The above model was applied to identify the thief zone of 82 groups of wells injected with tracer in M oilfield. There were four kinds of tracers used in the identification, namely NH
4SCN, I
135, NH
4NO
3, and C
28H
20N
3O
5. The earliest tracer injection occurred on 3 May 2014, and the latest occurred on 16 September 2016. The first tracer ended on 4 July 2016, and the last ended on 19 December 2017. The average breakthrough time of tracer was 6.4 months. The fastest breakthrough time was 2.1 months, and the slowest was 7.8 months. The identification result of the well group in which the tracer was detected was −1, while that of the group without the tracer detected was 1. The identification results and tracer identification results are shown in
Figure 8. When the blue dot is inside the red square, then the algorithm correctly identified a thief zone, when it is not, it means wrong recognition.
As can be seen in
Figure 8, 27 groups of thief zone wells and 46 groups of non-thief zone wells were identified by the two methods. Additionally, 32 groups of thief zone wells and 50 groups of non-thief zone wells were identified by tracer. Thus, the recognition accuracy of the negative samples was 84.375%, that of the positive samples was 92%, and the total accuracy was 89.02%. It has been proven, therefore, that the method has a high total recognition accuracy and can provide certain reference value for the formulation of profile control and water plugging schemes in the high water cut period of an oil reservoir.
4. Conclusions
In this paper, a support vector machine was used to identify thief zones in a mature oil reservoir. The principle and identification flow of the method were introduced. Then, the method was applied to 82 groups of wells in M oilfield and verified by the tracer monitoring method.

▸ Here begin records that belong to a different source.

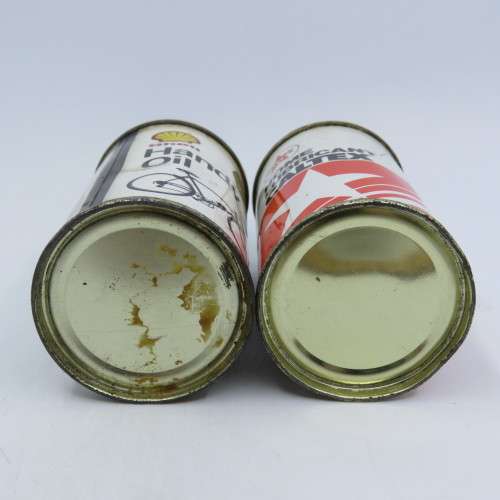 Vintage Shell and Caltex oil cans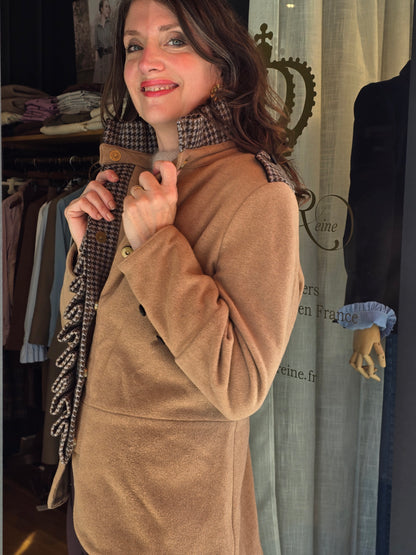 Veste camel REVERIE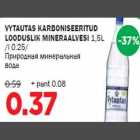 VYTAUTAS KARBONISEERITUD LOODUSLIK MINERAALVESI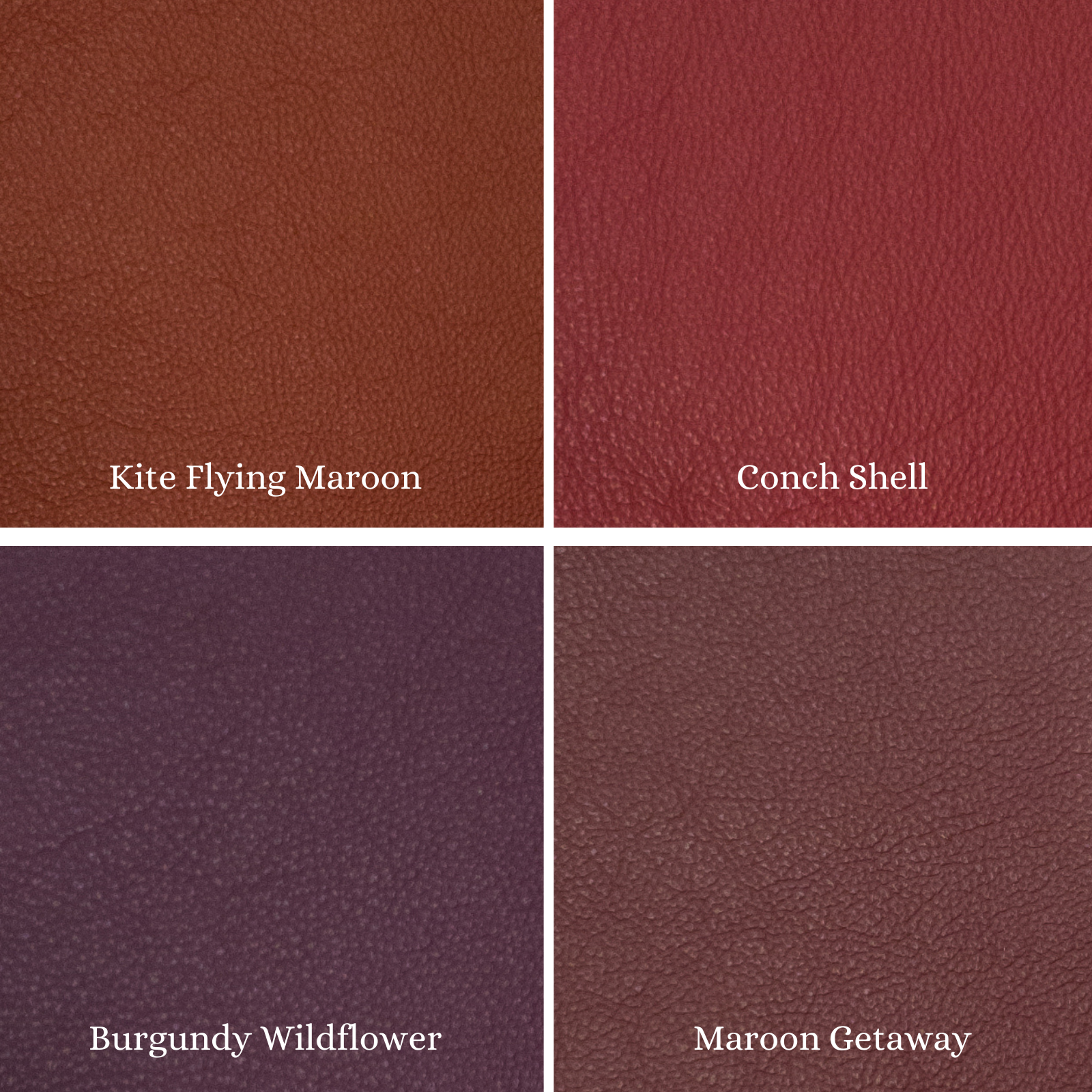 Coastal Collection 50-55 SF Full Hide Variation, Burgundy Wildflower | The Leather Guy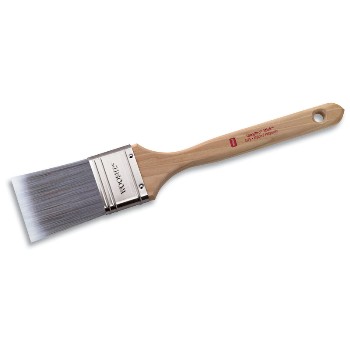 2-1/2" Flat Sash Firm, Nylon/Polyester Bristle, Paint Brush, Wood Handle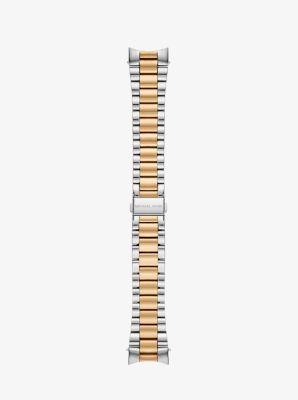 Michael kors smartwatch strap bradshaw two best sale tone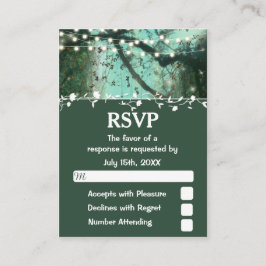 エンチャントフォレストラ素朴イトウェディングRSVP エンクロージャーカード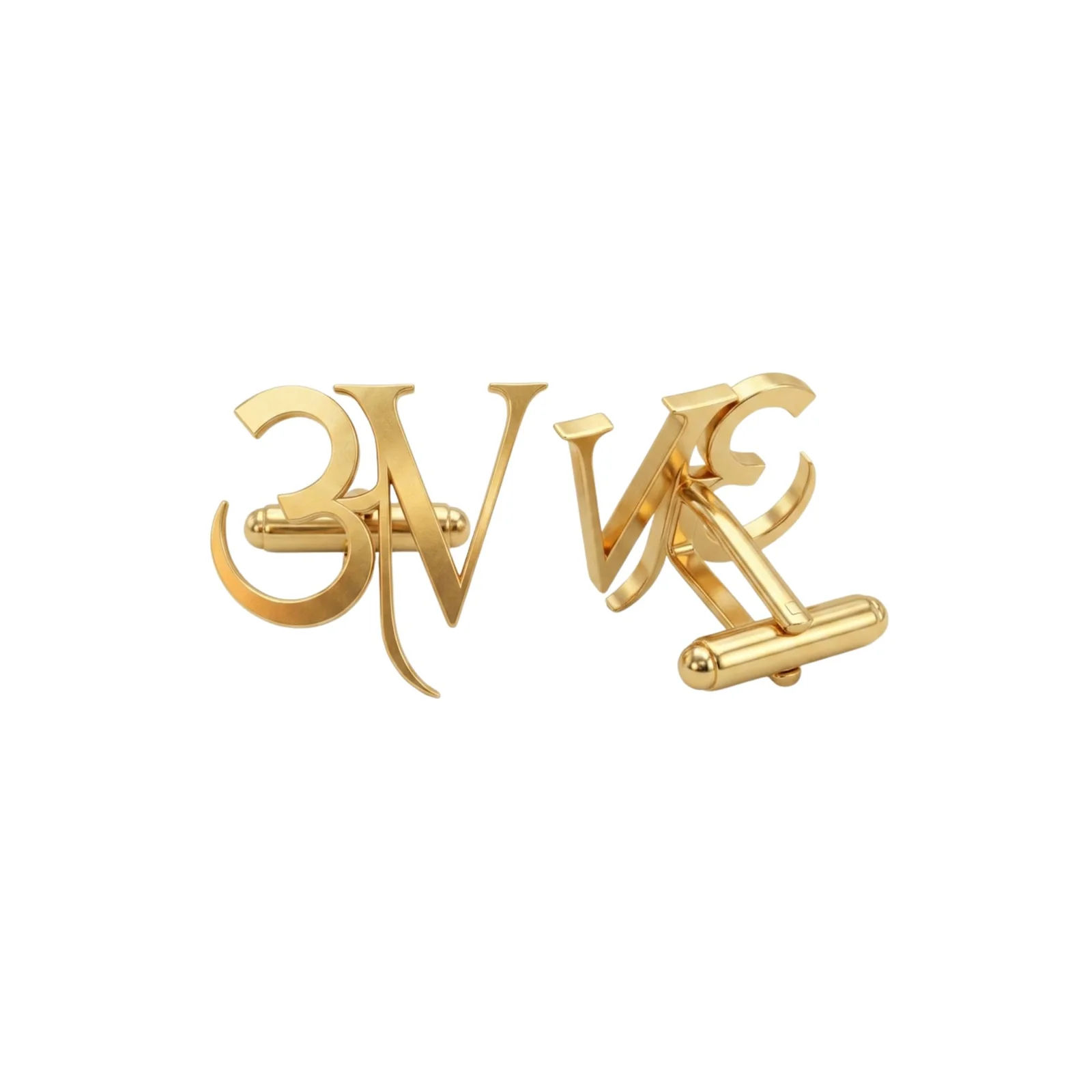 Customised Om Initial Cufflinks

(1) Through the analysis of the SVM identification results and tracer identification results, it was found that the thief zone of M oilfield is seriously developed, and 33% of the 82 well groups identified by the two methods were identified as thief zones. This situation should be paid attention to and corresponding profile control and water shutoff measures should be taken to improve the thief zone.
(2) Through the analysis of the index weight affecting the thief zone, it was found that porosity has the largest influence on the formation of the thief zone, followed by permeability and then cumulative water injection, cumulative liquid production, and water cut.
(3) By using signal-to-noise ratio and correlation analysis methods to screen the indices, it was found that our proposed method can effectively avoid the problem of the classification accuracy of SVM being too low due to too many indices and the correlation between various indices.
(4) By comparing the SVM method with other reservoir engineering methods to identify the thief zone, it was found that the SVM method can effectively avoid the influence of human factors on the identification results, and the identification results were more objective and accurate.
(5) The identification results were verified by the tracer monitoring method, and it was found that the total accuracy of the SVM method in identifying the thief zone was 89.02%, that of the positive sample was 92%, and that of the negative sample was 84.375%.